To root for the Patriots is to root against the NFL and its commissioner, who desperately wants the Patriots to lose. This is my main and perhaps only completely earnest rationalization for supporting the Patriots this Sunday. NFL Commissioner Roger Goodell is a distinctly Trumpian figure: the self-aggrandizing obsession with law and order, the worshipful attachment to billionaires and their presumed inherent virtues. Like Trump, Goodell is the son of a powerful and more impressive father who was born on third base and has mostly failed upward from there. (Trump himself, in a stunning combination of pot-kettle and correct-stopped-clock, has characterized Goodell as “a weak guy,” “a dope,” and “a stupid guy.”)

The league that Goodell represents is a cesspool for corporate oligarchy and the patriotism of scoundrels. It treats human bodies as disposable and has the worst labor conditions of any major professional sport, despite being the most lucrative. Earlier this season, when 49ers quarterback Colin Kaepernick made the decision to simply not stand for the national anthem as a protest against racial injustice and police brutality, hordes of fans organized a “#BoycottNFL” movement under the asinine logic that Kaepernick’s protest was disrespectful to the U.S. military (incidentally, one of the NFL’s corporate partners). Then-nominee Donald Trump suggested Kaepernick leave the country. When the NFL’s ratings dropped, Goodell issued a cursory defense of Kaepernick’s right to free expression that the commish carefully drowned out in dog whistles, including this incredible passage: “I support our players when they want to see change in society, and we don’t live in a perfect society. We live in an imperfect society. On the other hand, we believe very strongly in patriotism in the NFL. I personally believe very strongly in that.” Whatever “patriotism” is extolled in this passage is pretty disgusting.

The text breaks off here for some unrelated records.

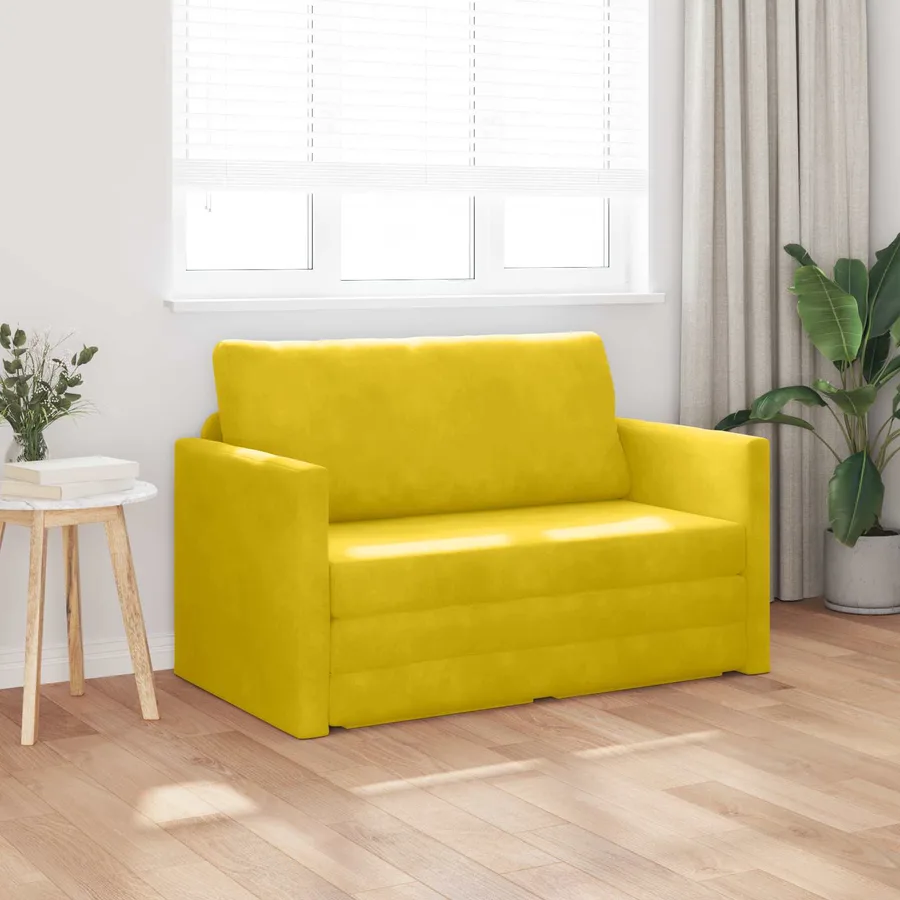 Canapé-Lit Jaune tournesol 124 x 71 x 78 cm Velours - 3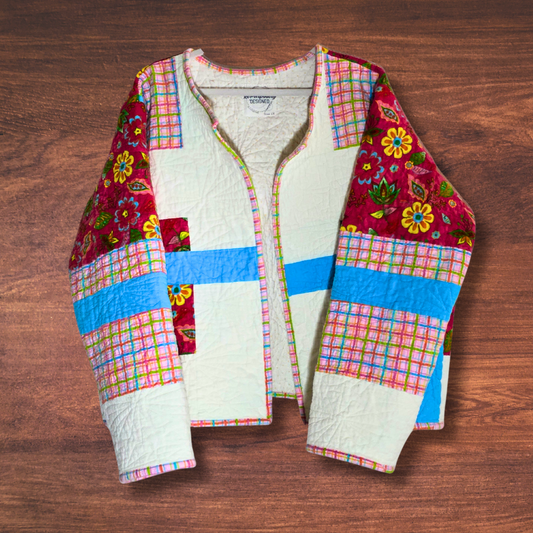 Quilted Flannel Cardigan 1XL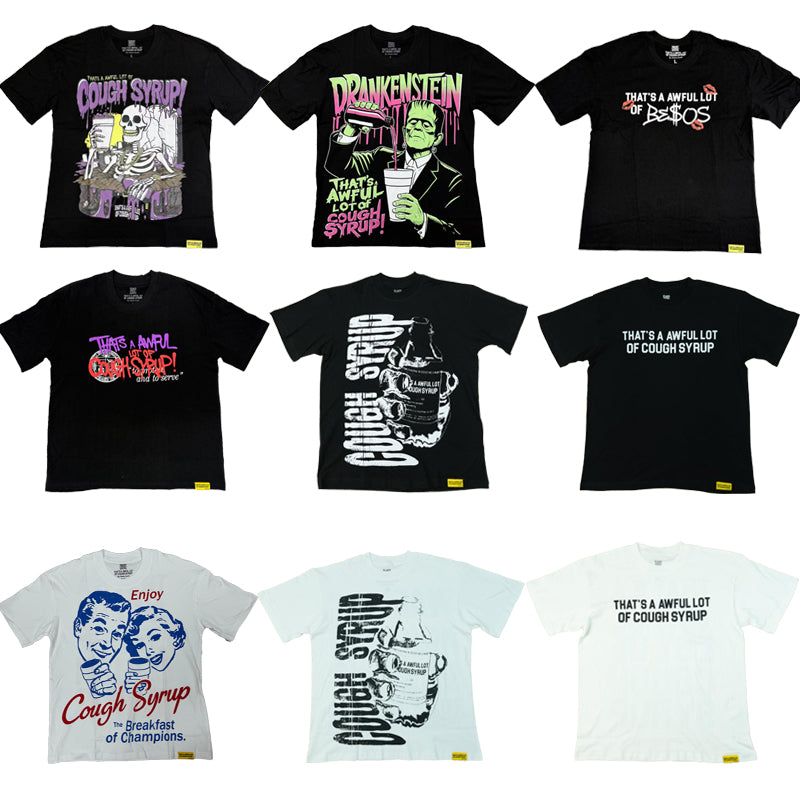 THAT'S a AWFUL LOT of COUGH SYRUP Men's Clothing Top Quality 100% Cotton Oversized Drop Shoulder Mens Short Sleeve Printed Scannable for Men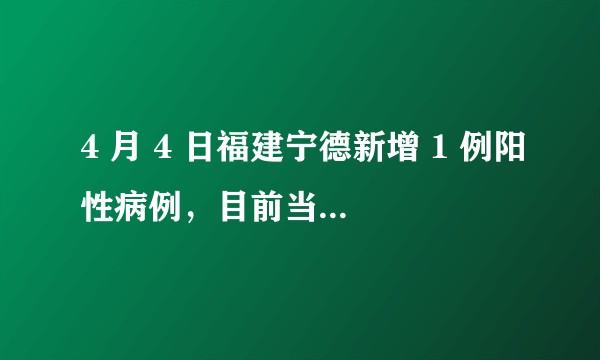 4 月 4 日福建宁德新增 1 例阳性病例，目前当地防疫情况如何？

Goodell and the Patriots despise each other, as the yearslong cycle of suspensions, challenges, appeals, and resuspensions has driven home. (Brady missed the first four games of this season as punishment for Deflategate, nearly two full years after the alleged malfeasance had occurred.) Goodell hasn’t attended a game at Gillette Stadium since before the controversy, a startling absence considering the Patriots are, ends-wise if not means-wise, his league’s banner franchise. As ESPN’s Don Van Natta Jr. and Seth Wickersham reported back in 2015, from the start Deflategate was taken up by Goodell and his billionaire bosses as a clunky vehicle for a quixotic revenge quest for the commissioner’s own bungling of the Patriots’ “Spygate” misdeeds of 2007. To watch Goodell forced to share a podium with Belichick and Brady this Sunday, handing over a fifth Lombardi Trophy that would solidify the 21st-century Pats as the greatest sustained dynasty the NFL has ever seen, would be like watching Trump in a weight-lifting competition with Arnold Schwarzenegger—you might not be actually rooting for either, but you’re sure savoring the certain embarrassment of one of the parties.

I’ve often said that rooting for the Patriots feels like rooting for the Joker in a Christopher Nolan Batman film—they’re psychotically single-minded, amoral, gallingly narcissistic, purveyors of opportunistic, meticulous chaos. But what if the Joker is right? What if Gotham is irredeemable and Batman is even worse? I’m just about done with the NFL and everything it stands for, and an increasingly large part of me hopes I’m too good to ever watch another professional football game after this one. But I’m not too good to want to go out on top.